The database path is resolved in this order:

COMMONMETA_DB environment variable
Platform default:

Platform	Default path
macOS	`~/Library/Application Support/commonmeta/commonmeta.sqlite3`
Linux	`/var/lib/commonmeta/commonmeta.sqlite3`

# Use a custom path via environment variable
COMMONMETA_DB=/data/commonmeta.sqlite3 commonmeta import --from crossref --date 2026-06-15

Dragoman cache import on Debian (cron)

The --from dragoman import reads from the dragoman cache SQLite database (same VRAIX transport schema: pid, source_id, raw_metadata). After a successful import the cache rows are deleted and the file is VACUUMed, so subsequent cron runs only process new records.

System user and file permissions

# Create a system user for the commonmeta import job
adduser --system --group --no-create-home commonmeta

# Create and own the commonmeta database directory
install -d -o commonmeta -g commonmeta -m 750 /var/lib/commonmeta

# Allow the commonmeta user to read and write the dragoman cache.
# Dragoman must also be able to write to the same file.
# Option A — shared group (recommended):
adduser dragoman commonmeta   # or whatever user dragoman runs as
chmod g+rw /var/lib/dragoman/cache.sqlite3
chown dragoman:commonmeta /var/lib/dragoman/cache.sqlite3

# Option B — POSIX ACL (if the filesystem supports it):
setfacl -m u:commonmeta:rw /var/lib/dragoman/cache.sqlite3

`/etc/cron.d/commonmeta`

# Run the dragoman cache import every 15 minutes.
# Logs go to syslog via logger; the cache is flushed automatically on success.
*/15 * * * * commonmeta /usr/local/bin/commonmeta import --from dragoman 2>&1 | logger -t commonmeta-import

Environment variables (`/etc/default/commonmeta`)

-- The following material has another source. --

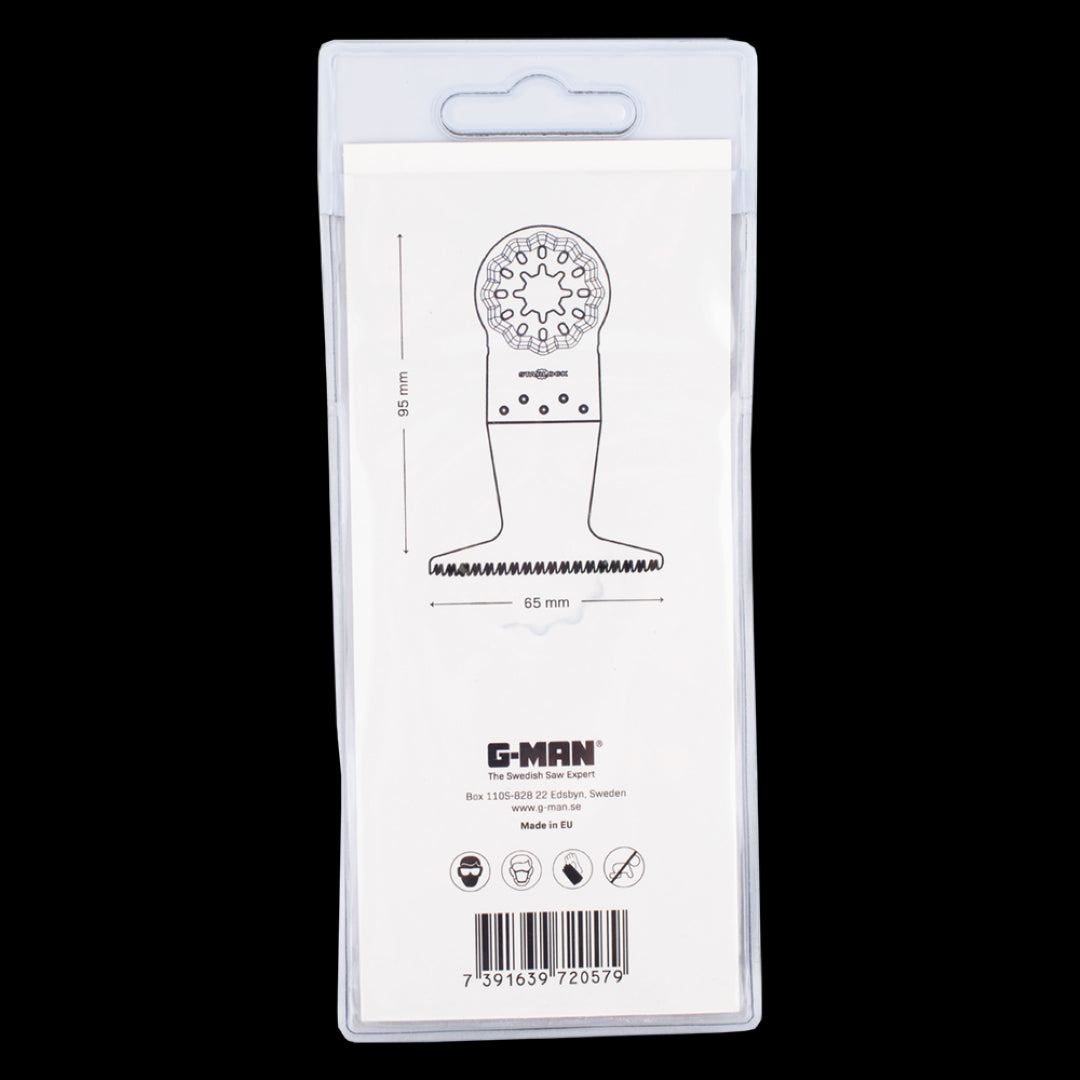 G-MAN Oscillating Saw Blade for precise cutting in wood, plastic, and plaster, crafted from durable high carbon steel.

# Override the default database paths if needed.
COMMONMETA_DB=/var/lib/commonmeta/commonmeta.sqlite3
DRAGOMAN_DB=/var/lib/dragoman/cache.sqlite3

Load them in the cron job by prefixing with env $(cat /etc/default/commonmeta | xargs), or install a systemd timer unit that reads EnvironmentFile=/etc/default/commonmeta instead.

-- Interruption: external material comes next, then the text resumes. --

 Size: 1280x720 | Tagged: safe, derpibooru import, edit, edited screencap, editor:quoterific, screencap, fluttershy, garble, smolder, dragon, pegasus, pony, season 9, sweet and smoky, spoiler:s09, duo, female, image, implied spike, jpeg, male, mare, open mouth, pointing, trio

systemd timer alternative (`/etc/systemd/system/commonmeta-import.service` + `.timer`)

# commonmeta-import.service
[Unit]
Description=Import records from dragoman cache into commonmeta database
After=network.target

[Service]
Type=oneshot
User=commonmeta
EnvironmentFile=/etc/default/commonmeta
ExecStart=/usr/local/bin/commonmeta import --from dragoman
StandardOutput=journal
StandardError=journal

# commonmeta-import.timer
[Unit]
Description=Run commonmeta dragoman import every 15 minutes

[Timer]
OnBootSec=2min
OnUnitActiveSec=15min
Persistent=true

[Install]
WantedBy=timers.target

systemctl daemon-reload
systemctl enable --now commonmeta-import.timer
systemctl status commonmeta-import.timer
journalctl -u commonmeta-import.service -f

Migrate

The migrate command applies any pending schema migrations to the local database, optionally backfills the junction tables (works_orcid, works_ror, works_references) that enable fast reverse lookups by author ORCID, institution ROR, and cited DOI, and can rebuild the FTS5 full-text search indexes.

Migrations are idempotent — safe to run repeatedly. No existing records are modified.

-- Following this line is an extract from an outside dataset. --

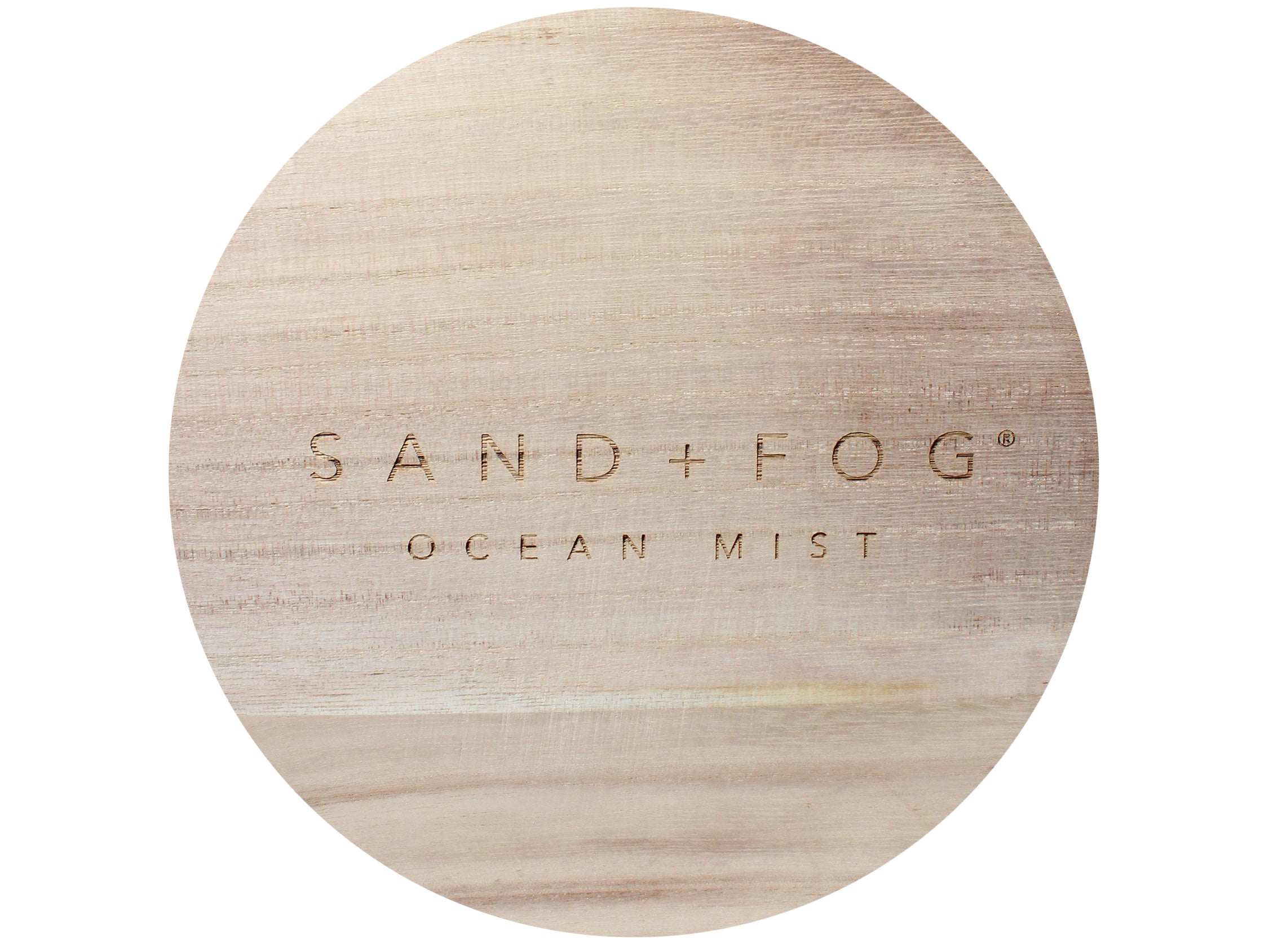 Ocean Mist 34 oz scented candle White vessel with Sand+Fog wood lid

# Apply any pending schema migrations (safe to run any time)
commonmeta migrate

# Populate all three junction tables in a single streaming pass (most efficient)
commonmeta migrate --backfill

# Populate individual junction tables
commonmeta migrate --orcid       # works_orcid  — author ORCID index
commonmeta migrate --ror         # works_ror    — institution ROR index
commonmeta migrate --references  # works_references — cited DOI index

# Combine multiple tables without a full --backfill
commonmeta migrate --orcid --ror

# Restrict a backfill to records from one provider
commonmeta migrate --backfill --crossref
commonmeta migrate --references --datacite

# Rebuild FTS5 full-text search indexes
commonmeta migrate --rebuild-fts

# Migrate a database at a custom path
commonmeta migrate --file /var/lib/commonmeta/commonmeta.sqlite3

Junction tables

Table	Key column	Populated by	Used for
`works_orcid`	`orcid`	`--orcid` / `--backfill`	Fast author lookup: all works by an ORCID iD
`works_ror`	`ror`	`--ror` / `--backfill`	Fast institution lookup: all works for a ROR ID
`works_references`	`ref_id`	`--references` / `--backfill`	Reverse citation lookup: all works that cite a given DOI

FTS5 full-text search indexes

Three SQLite FTS5 virtual tables enable full-text search with Unicode-aware tokenization and diacritic folding (searching "muller" matches "Müller"):

Table	Indexed columns	Content table
`works_fts`	`title`, `subjects`	`works`
`organizations_fts`	`name`, `names_flat`	`organizations`
`people_fts`	`name`, `keywords`, `other_names`	`people`

All three use content=<table> so only the inverted index is stored separately — the full text remains in the base table. Expected index size for works_fts on a 200 M-row corpus: 5–10 GB.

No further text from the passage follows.